Print the line containing "Boekensteun MAUL 10x10x13cm" and each line after it through the end of the material below, exactly as it appears, but skip the pictures.

════════

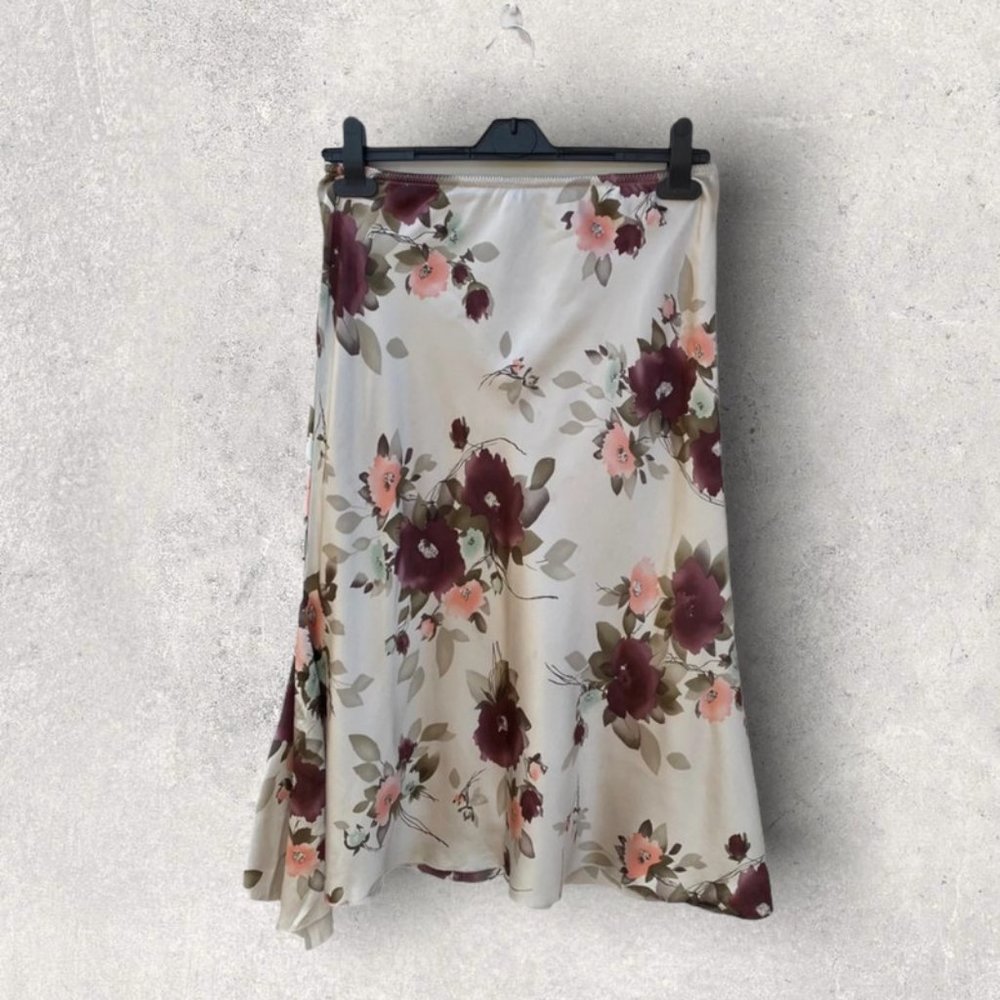 Phase Eight Floral Satin Silk Skirt, Size 12 - Picture 1 of 3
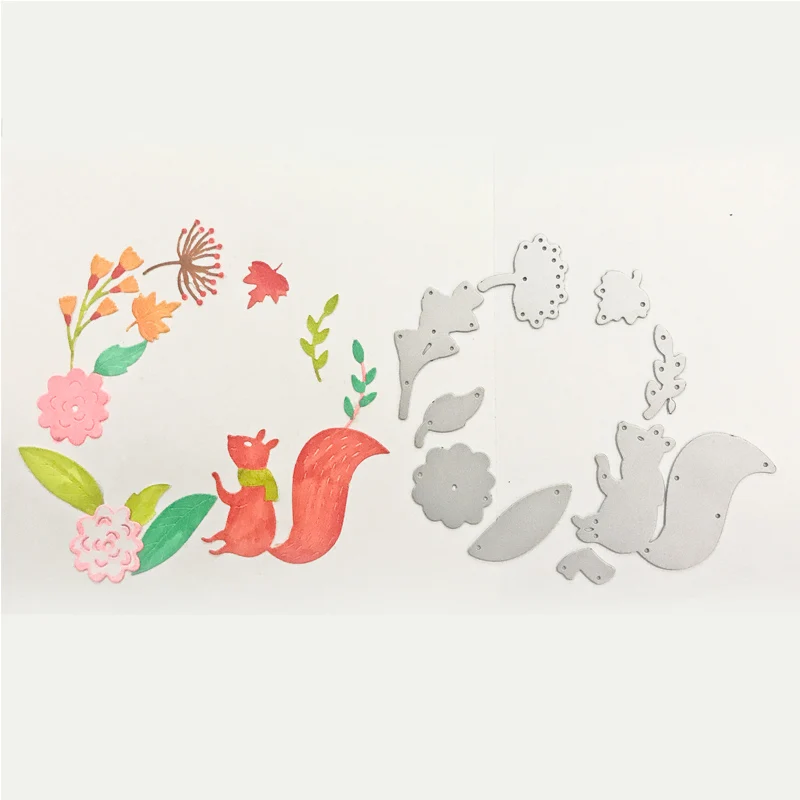 Осенняя белка цветок кленовый лист металлические Вырубные штампы Скрапбукинг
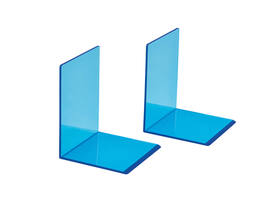Boekensteun MAUL 10x10x13cm acryl set 2 neon blauw transparant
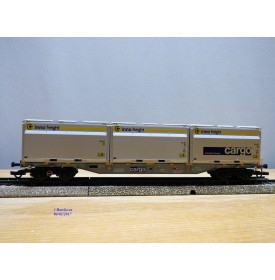 MÄRKLIN  47078-02 ,  wagon plat porte conteneur type Sgnss chargé de 3 conteneurs Woodtainer XXL   SBB   Cargo  neuf   BO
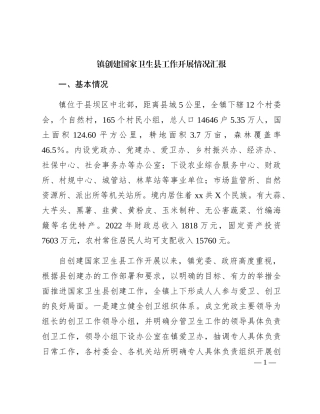 乡镇创建国家卫生县工作开展情况总结汇报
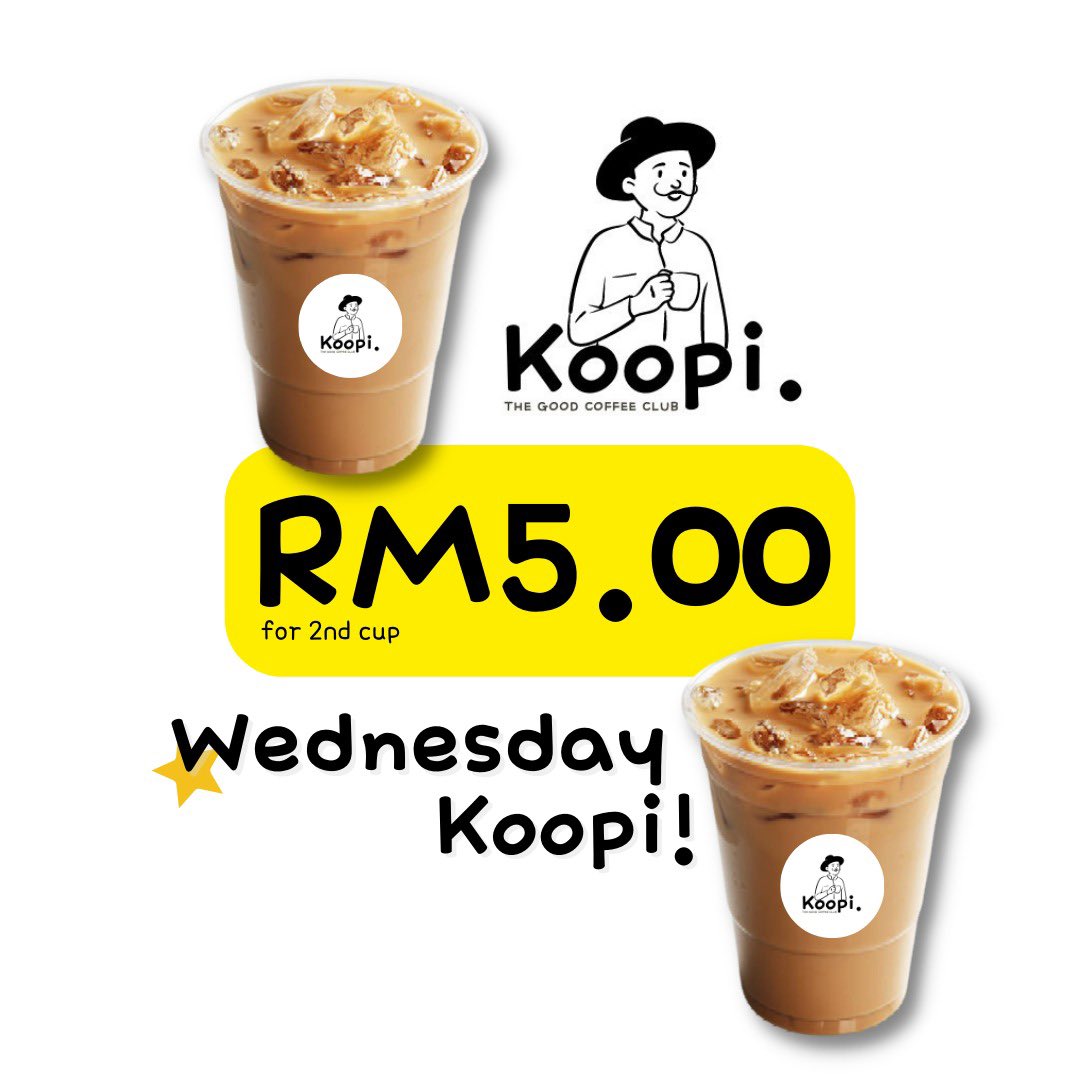 koopithecoffee's tweet photo. Bila satu minuman tidak cukup, dapatkan satu lagi adalah yang terbaik! Dapatkan minuman di Koopi dengan setiap belian ke-2 anda hanya pada RM5 setiap RABU.
Ada 10 pilihan minuman untuk dipilih 🤩
#koopithegoodcoffeeclub #koopi #coffeetime #wednesdaypromo #malaysia @ngopiss https://t.co/msZ161VEu7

════════

**Your response**
Boekensteun MAUL 10x10x13cm acryl set 2 neon blauw transparant
 MÄRKLIN  47078-02 ,  wagon plat porte conteneur type Sgnss chargé de 3 conteneurs Woodtainer XXL   SBB   Cargo  neuf   BO
 乡镇创建国家卫生县工作开展情况总结汇报
 koopithecoffee's tweet photo. Bila satu minuman tidak cukup, dapatkan satu lagi adalah yang terbaik! Dapatkan minuman di Koopi dengan setiap belian ke-2 anda hanya pada RM5 setiap RABU.
Ada 10 pilihan minuman untuk dipilih 🤩
#koopithegoodcoffeeclub #koopi #coffeetime #wednesdaypromo #malaysia @ngopiss https://t.co/msZ161VEu7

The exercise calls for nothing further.